#### [The problem]
Look through the records below for the line with "Bébé dans les". Return that line and each one after it up to and including the line with "Foto - 81 ile", exactly.

#### [Source material]
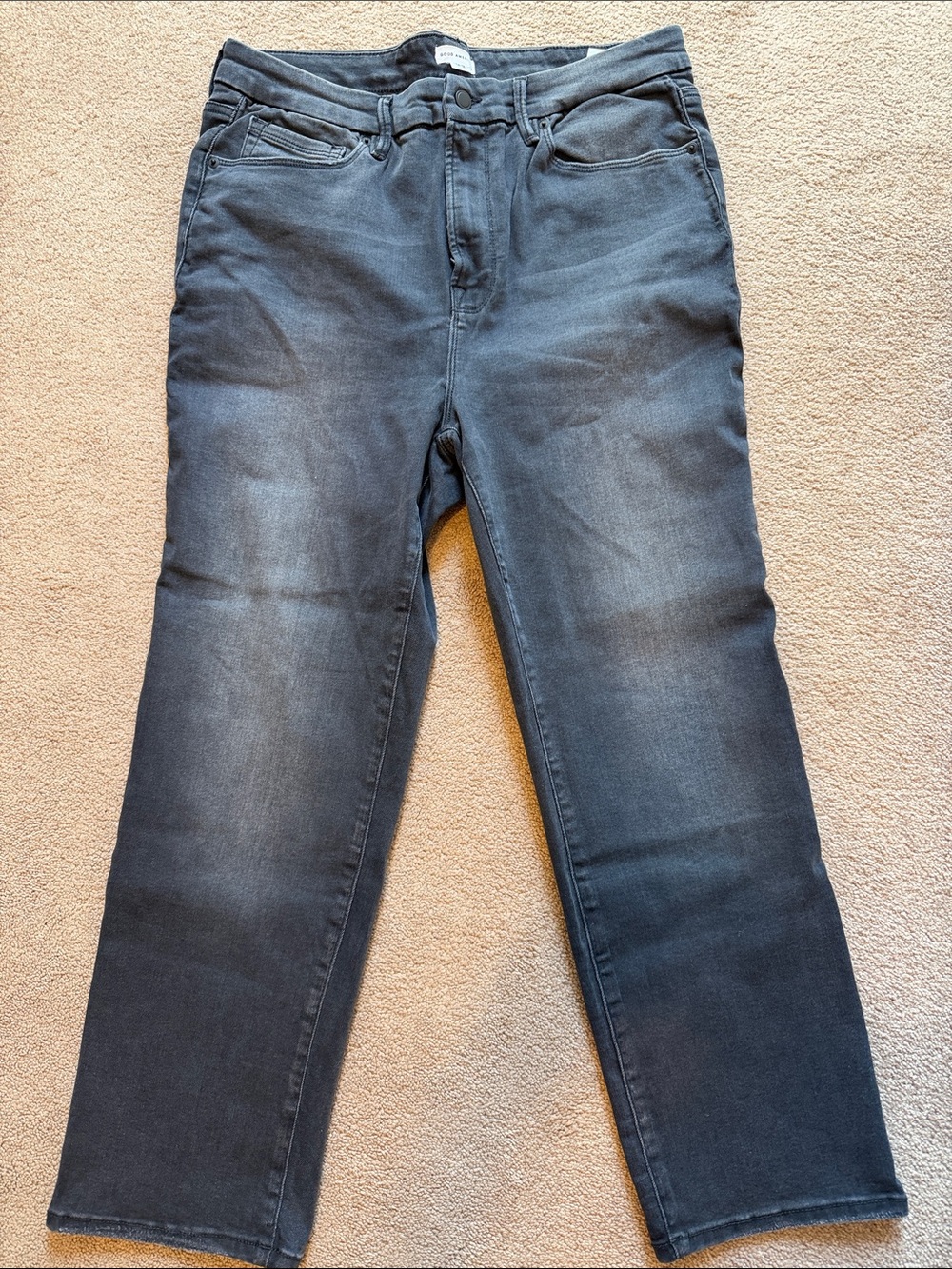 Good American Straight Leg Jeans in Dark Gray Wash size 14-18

==

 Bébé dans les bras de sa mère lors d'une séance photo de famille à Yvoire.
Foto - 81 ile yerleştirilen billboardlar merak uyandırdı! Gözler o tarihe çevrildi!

#### [Result of the task]
 Bébé dans les bras de sa mère lors d'une séance photo de famille à Yvoire.
Foto - 81 ile yerleştirilen billboardlar merak uyandırdı! Gözler o tarihe çevrildi!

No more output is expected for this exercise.